### INPUT DATA

+ + +

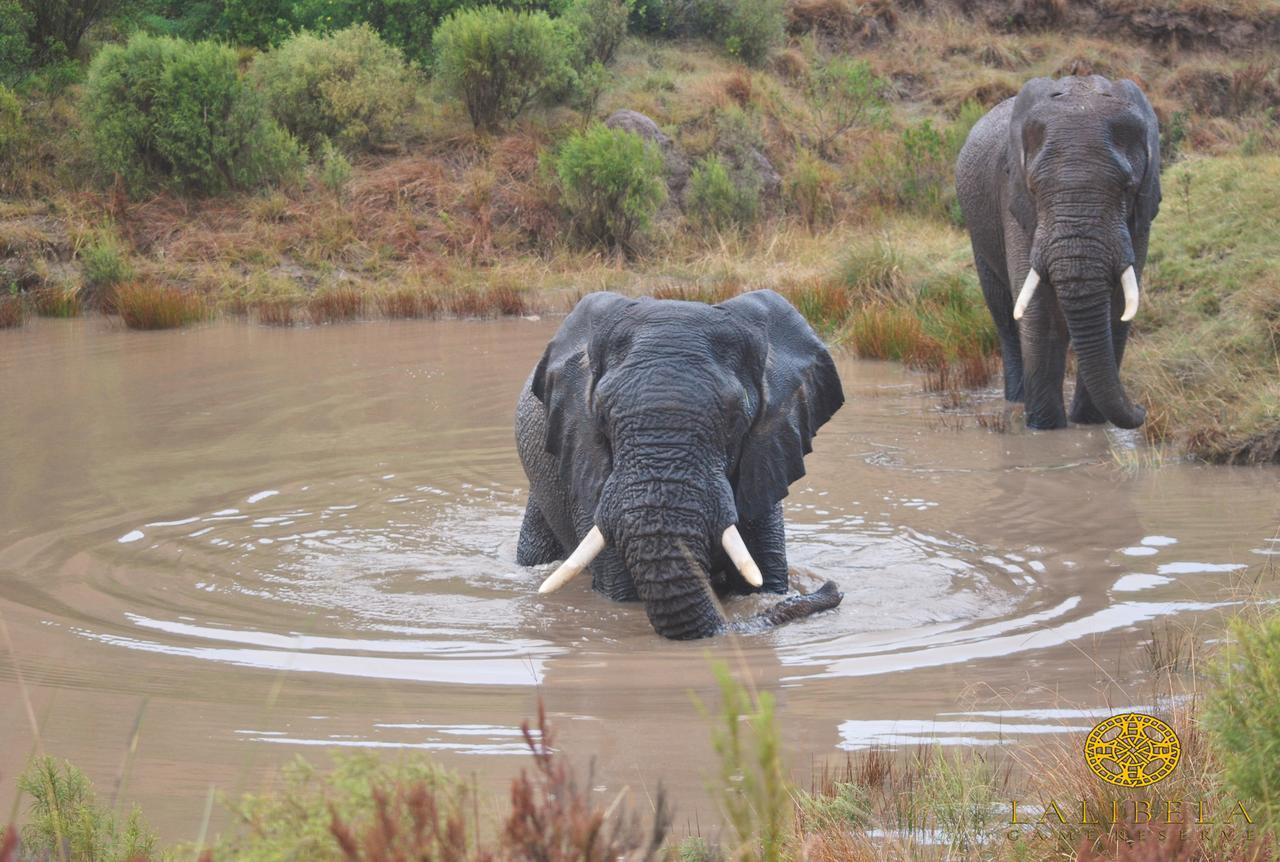 Lalibela Game Reserve Mark'S Camp Grahamstown Luaran gambar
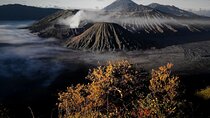 Shared Bromo Tour Start From Malang - 1D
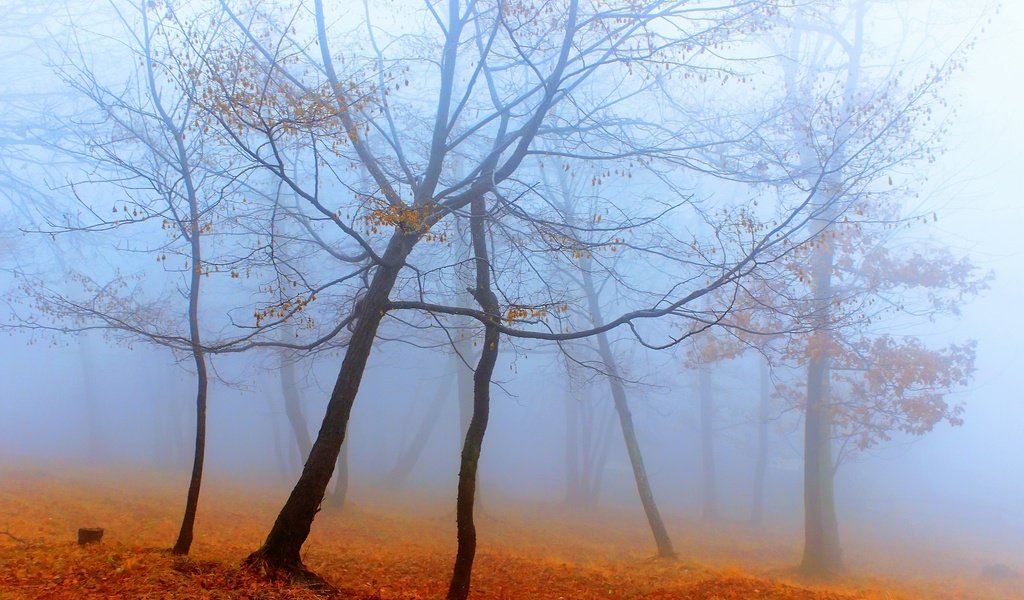 Обои деревья, лес, туман, осень, trees, forest, fog, autumn разрешение 2560x1707 Загрузить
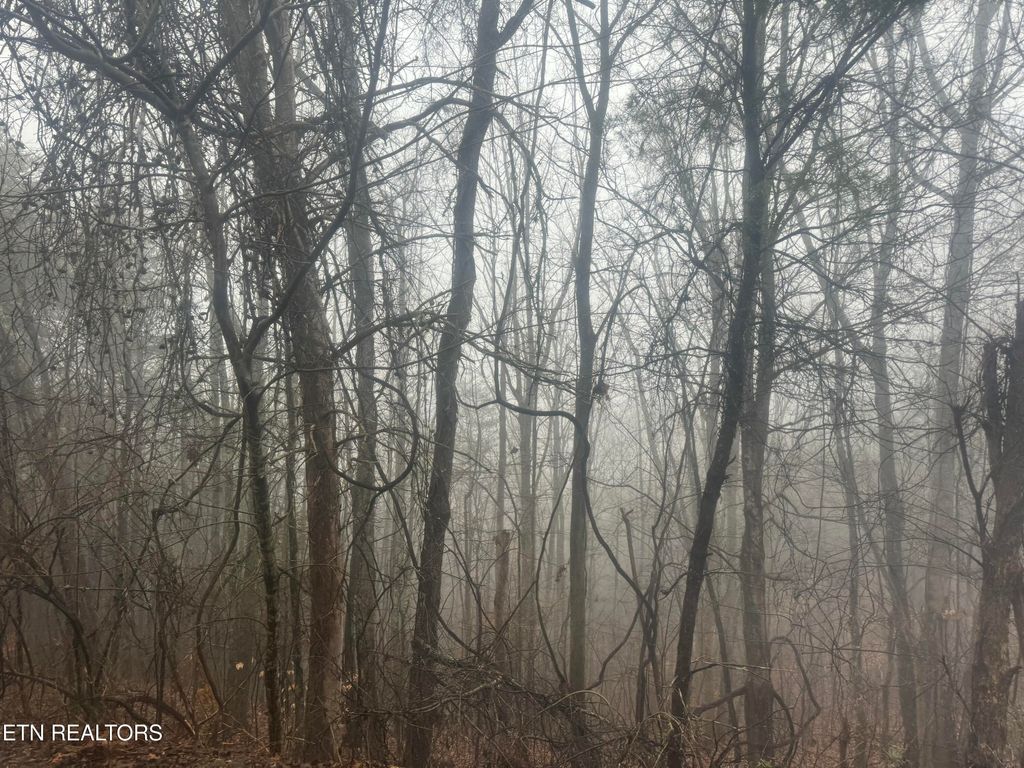 Photo of 13820 Highway 68, Tellico Plains, TN 37385 (MLS # 1290580)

+ + +

### EXERCISE AIM
Starting with the line that holds "Обои деревья, лес, туман, осень, trees, forest, fog, autumn", copy every line exactly through the final line of the material, but skip the pictures.

### ANSWER
 Обои деревья, лес, туман, осень, trees, forest, fog, autumn разрешение 2560x1707 Загрузить
 Photo of 13820 Highway 68, Tellico Plains, TN 37385 (MLS # 1290580)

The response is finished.